◆ **To do**
Every line below that holds "Print" must be copied.

◆ **Records drawn from a dataset**
---------------

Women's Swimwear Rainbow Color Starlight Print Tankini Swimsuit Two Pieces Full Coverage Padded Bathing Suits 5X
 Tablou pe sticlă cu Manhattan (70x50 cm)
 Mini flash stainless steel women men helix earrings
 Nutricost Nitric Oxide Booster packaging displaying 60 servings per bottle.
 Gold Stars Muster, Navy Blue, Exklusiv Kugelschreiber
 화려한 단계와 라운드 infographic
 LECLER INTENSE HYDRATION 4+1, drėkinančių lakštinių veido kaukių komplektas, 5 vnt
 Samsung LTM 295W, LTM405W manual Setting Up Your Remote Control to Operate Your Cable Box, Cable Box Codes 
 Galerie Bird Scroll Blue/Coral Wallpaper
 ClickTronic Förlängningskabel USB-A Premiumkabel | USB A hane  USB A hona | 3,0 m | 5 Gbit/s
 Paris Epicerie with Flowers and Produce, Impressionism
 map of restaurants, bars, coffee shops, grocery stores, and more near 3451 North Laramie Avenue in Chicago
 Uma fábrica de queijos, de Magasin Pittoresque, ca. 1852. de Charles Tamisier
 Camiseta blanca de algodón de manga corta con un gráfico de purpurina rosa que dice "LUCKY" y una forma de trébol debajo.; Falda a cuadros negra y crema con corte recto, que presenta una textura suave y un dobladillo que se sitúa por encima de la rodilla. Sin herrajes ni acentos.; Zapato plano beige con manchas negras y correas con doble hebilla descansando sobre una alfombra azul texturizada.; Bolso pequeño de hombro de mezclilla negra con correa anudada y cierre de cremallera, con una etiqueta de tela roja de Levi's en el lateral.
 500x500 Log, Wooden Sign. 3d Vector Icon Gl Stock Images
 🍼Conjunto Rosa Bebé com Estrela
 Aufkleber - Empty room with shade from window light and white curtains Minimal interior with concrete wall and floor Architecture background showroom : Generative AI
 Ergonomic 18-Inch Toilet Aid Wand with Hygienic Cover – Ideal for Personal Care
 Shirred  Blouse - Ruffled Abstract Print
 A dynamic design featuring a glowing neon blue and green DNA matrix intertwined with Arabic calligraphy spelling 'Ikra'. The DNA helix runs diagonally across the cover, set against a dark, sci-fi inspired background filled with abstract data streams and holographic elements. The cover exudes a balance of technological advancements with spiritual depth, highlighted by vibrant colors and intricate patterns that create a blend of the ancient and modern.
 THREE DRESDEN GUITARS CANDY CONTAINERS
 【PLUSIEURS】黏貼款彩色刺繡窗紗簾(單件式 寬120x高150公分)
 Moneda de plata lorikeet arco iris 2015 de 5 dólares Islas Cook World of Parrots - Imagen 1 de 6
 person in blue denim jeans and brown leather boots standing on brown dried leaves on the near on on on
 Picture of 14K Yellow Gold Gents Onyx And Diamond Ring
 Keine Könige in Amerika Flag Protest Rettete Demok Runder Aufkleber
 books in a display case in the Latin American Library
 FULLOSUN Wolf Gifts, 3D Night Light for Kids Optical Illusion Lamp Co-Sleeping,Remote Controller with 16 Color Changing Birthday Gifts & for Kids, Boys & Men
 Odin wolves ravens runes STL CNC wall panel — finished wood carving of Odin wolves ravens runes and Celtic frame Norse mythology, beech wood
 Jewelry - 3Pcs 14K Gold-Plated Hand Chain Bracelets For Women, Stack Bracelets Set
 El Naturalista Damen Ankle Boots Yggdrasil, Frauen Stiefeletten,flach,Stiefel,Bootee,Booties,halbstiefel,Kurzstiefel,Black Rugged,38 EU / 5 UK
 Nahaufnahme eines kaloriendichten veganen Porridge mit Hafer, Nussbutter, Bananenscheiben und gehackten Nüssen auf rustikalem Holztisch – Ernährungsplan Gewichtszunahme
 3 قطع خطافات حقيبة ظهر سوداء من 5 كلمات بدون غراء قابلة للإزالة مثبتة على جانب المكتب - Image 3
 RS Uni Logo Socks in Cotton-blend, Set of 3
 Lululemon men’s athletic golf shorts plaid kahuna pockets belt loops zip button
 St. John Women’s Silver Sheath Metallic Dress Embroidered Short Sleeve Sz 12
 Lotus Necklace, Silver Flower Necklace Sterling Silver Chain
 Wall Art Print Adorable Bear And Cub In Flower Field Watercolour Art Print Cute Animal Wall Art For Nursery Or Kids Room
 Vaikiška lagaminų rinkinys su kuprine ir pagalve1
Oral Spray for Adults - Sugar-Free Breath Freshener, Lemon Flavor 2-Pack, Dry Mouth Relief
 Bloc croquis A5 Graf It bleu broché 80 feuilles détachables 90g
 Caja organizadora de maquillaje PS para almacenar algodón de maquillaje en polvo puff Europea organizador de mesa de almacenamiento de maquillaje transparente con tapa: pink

---------------

◆ **Exercise output**
Women's Swimwear Rainbow Color Starlight Print Tankini Swimsuit Two Pieces Full Coverage Padded Bathing Suits 5X
 Shirred  Blouse - Ruffled Abstract Print
 Wall Art Print Adorable Bear And Cub In Flower Field Watercolour Art Print Cute Animal Wall Art For Nursery Or Kids Room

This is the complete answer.